| WHAT THE EXERCISE ASKS |
Set down, exactly and with no pictures, the line that contains "Discover the new classic" and all lines after it in the listing.

| GIVEN DATA |

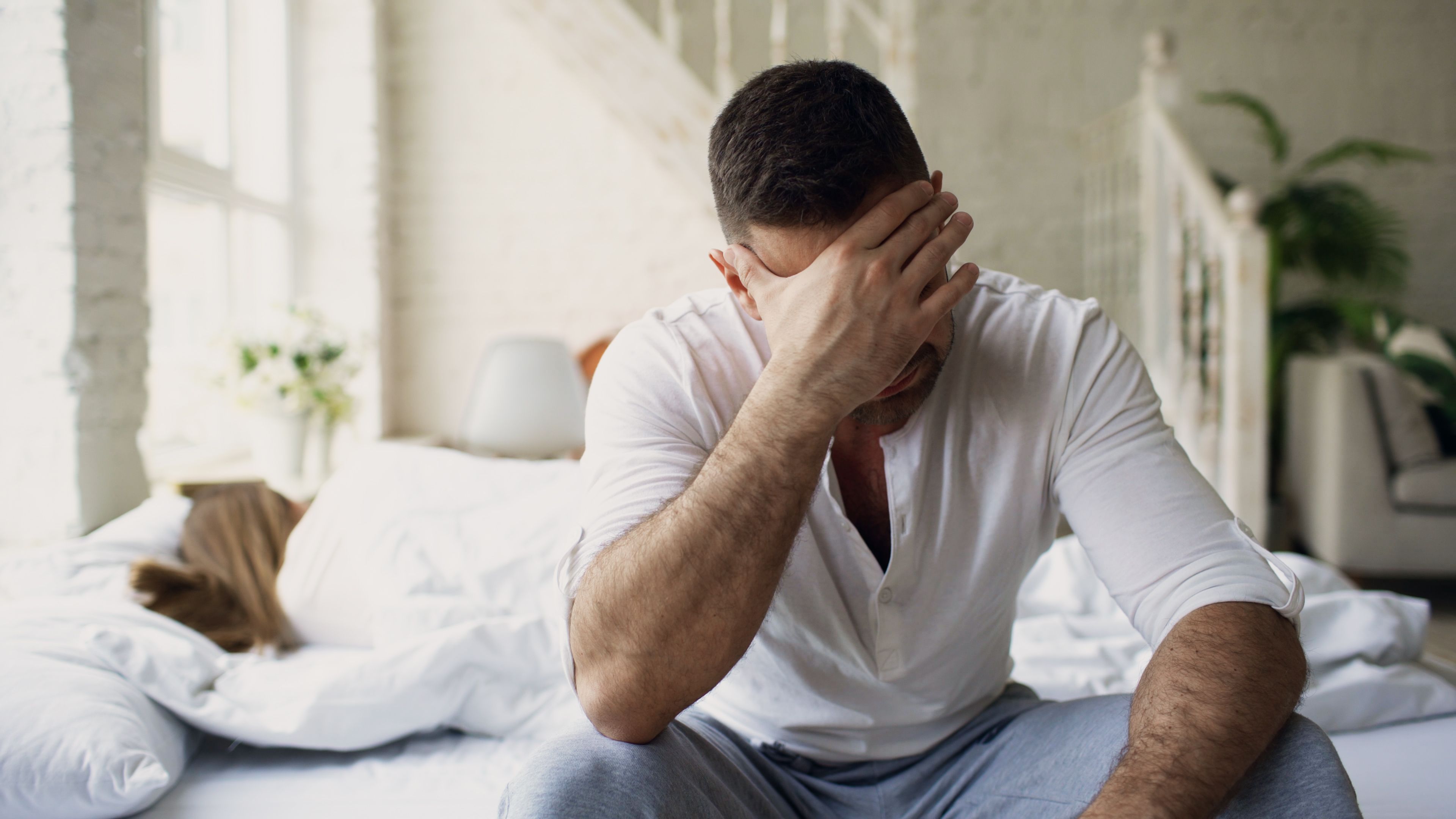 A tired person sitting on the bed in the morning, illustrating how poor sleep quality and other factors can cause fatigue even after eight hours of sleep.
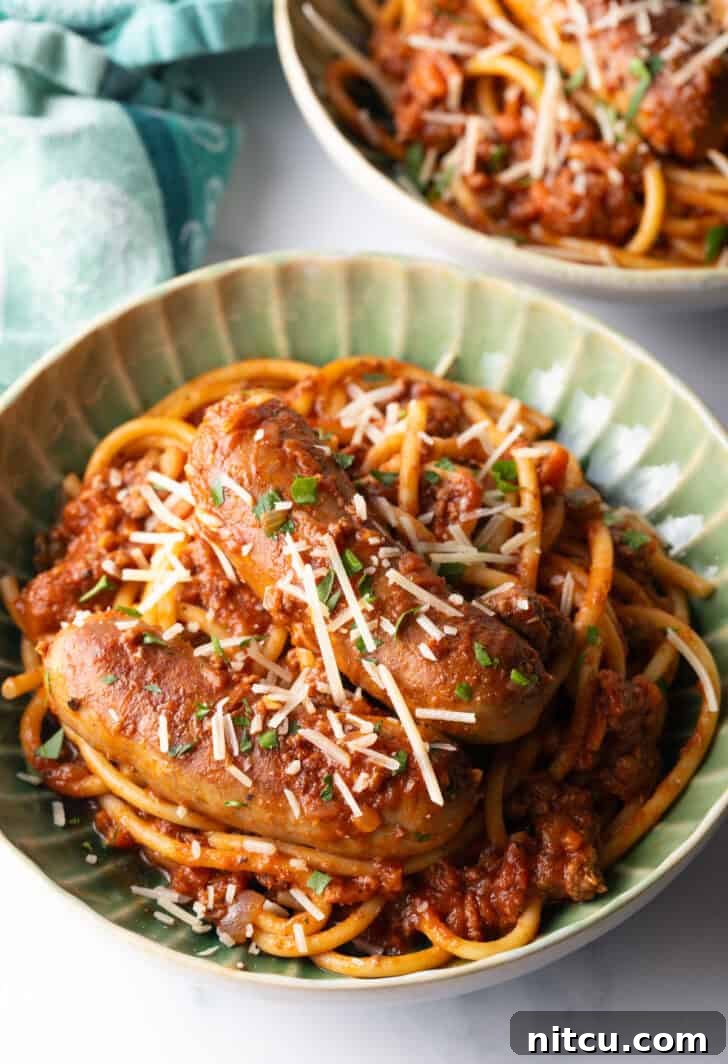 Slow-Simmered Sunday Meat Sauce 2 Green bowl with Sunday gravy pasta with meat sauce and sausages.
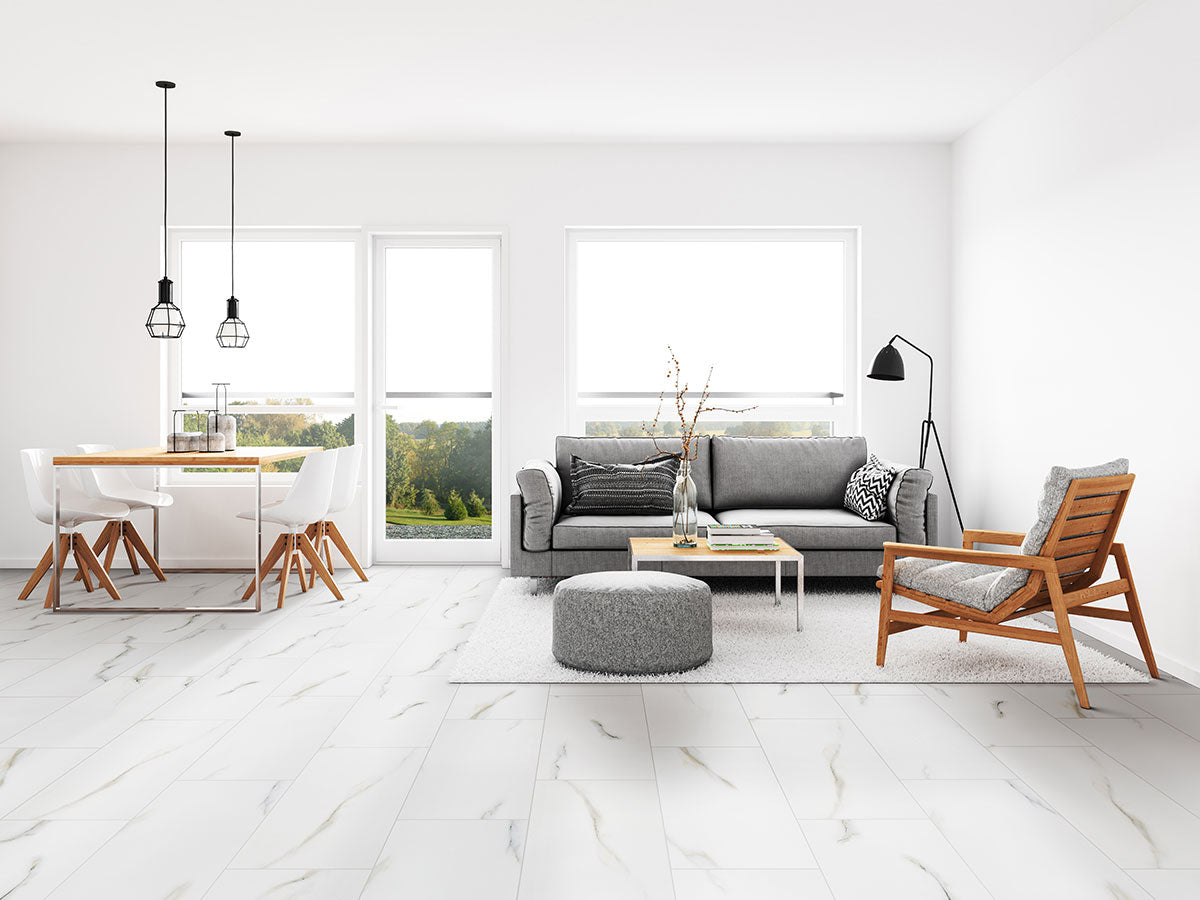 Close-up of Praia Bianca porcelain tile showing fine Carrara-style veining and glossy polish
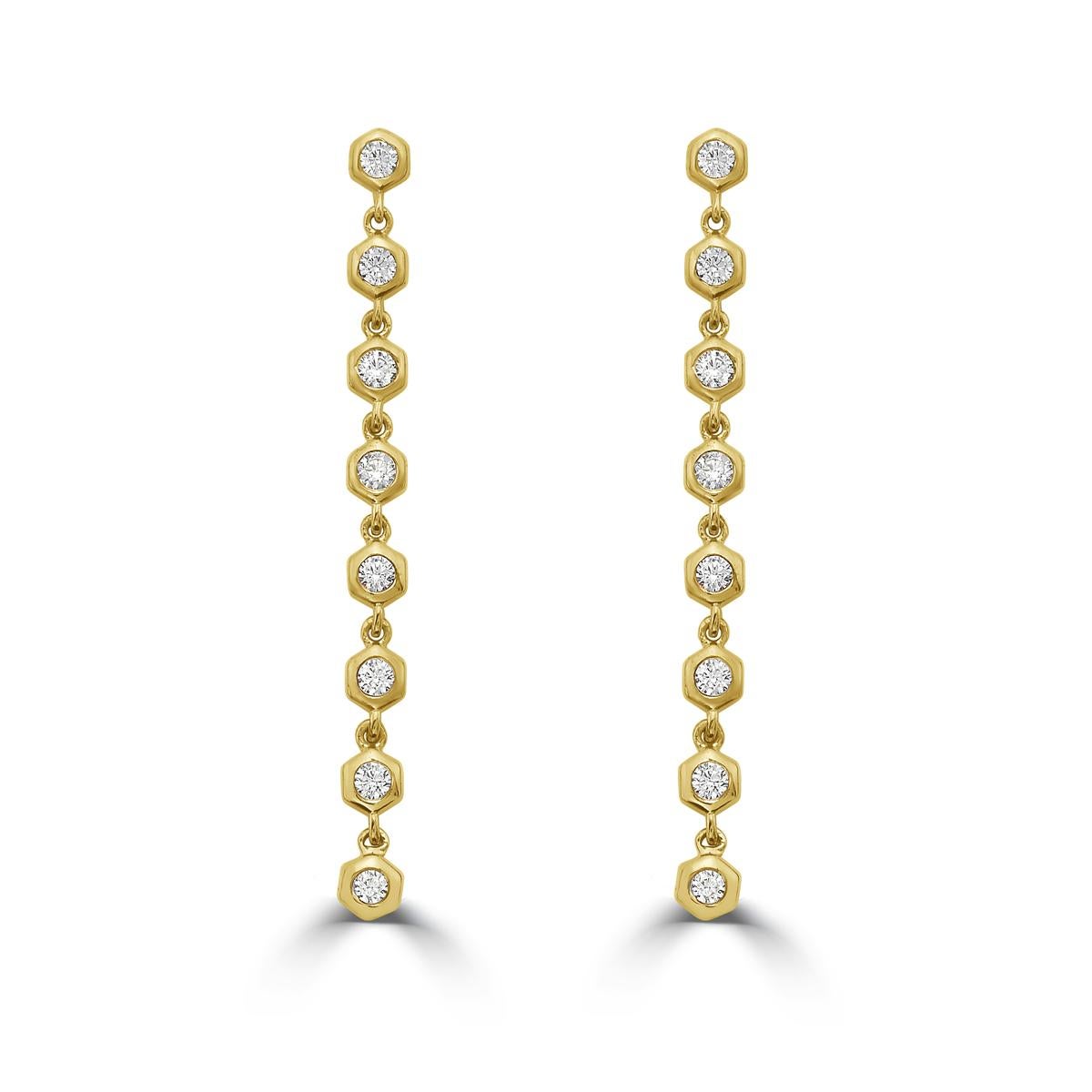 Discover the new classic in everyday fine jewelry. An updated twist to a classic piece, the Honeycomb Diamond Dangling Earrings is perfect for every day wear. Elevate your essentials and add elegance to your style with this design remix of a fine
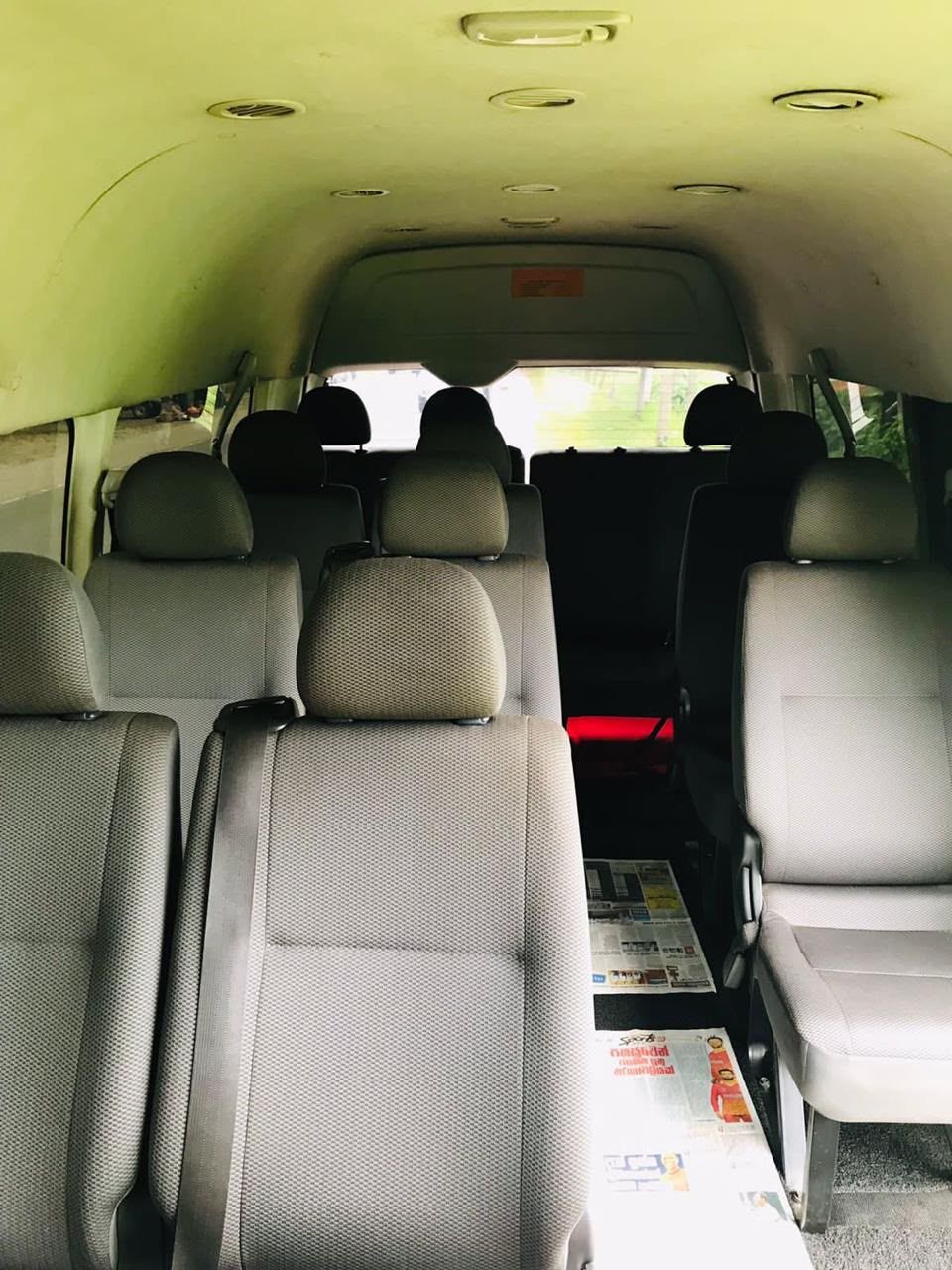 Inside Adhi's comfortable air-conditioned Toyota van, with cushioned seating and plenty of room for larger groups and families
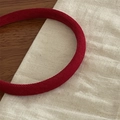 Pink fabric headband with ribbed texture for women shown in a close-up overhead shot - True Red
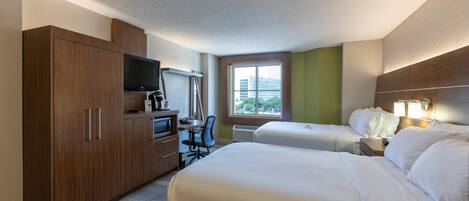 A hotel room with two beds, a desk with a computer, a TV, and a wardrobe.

| SOLUTION TO THIS PROBLEM |
 Discover the new classic in everyday fine jewelry. An updated twist to a classic piece, the Honeycomb Diamond Dangling Earrings is perfect for every day wear. Elevate your essentials and add elegance to your style with this design remix of a fine
 Inside Adhi's comfortable air-conditioned Toyota van, with cushioned seating and plenty of room for larger groups and families
 Pink fabric headband with ribbed texture for women shown in a close-up overhead shot - True Red
 A hotel room with two beds, a desk with a computer, a TV, and a wardrobe.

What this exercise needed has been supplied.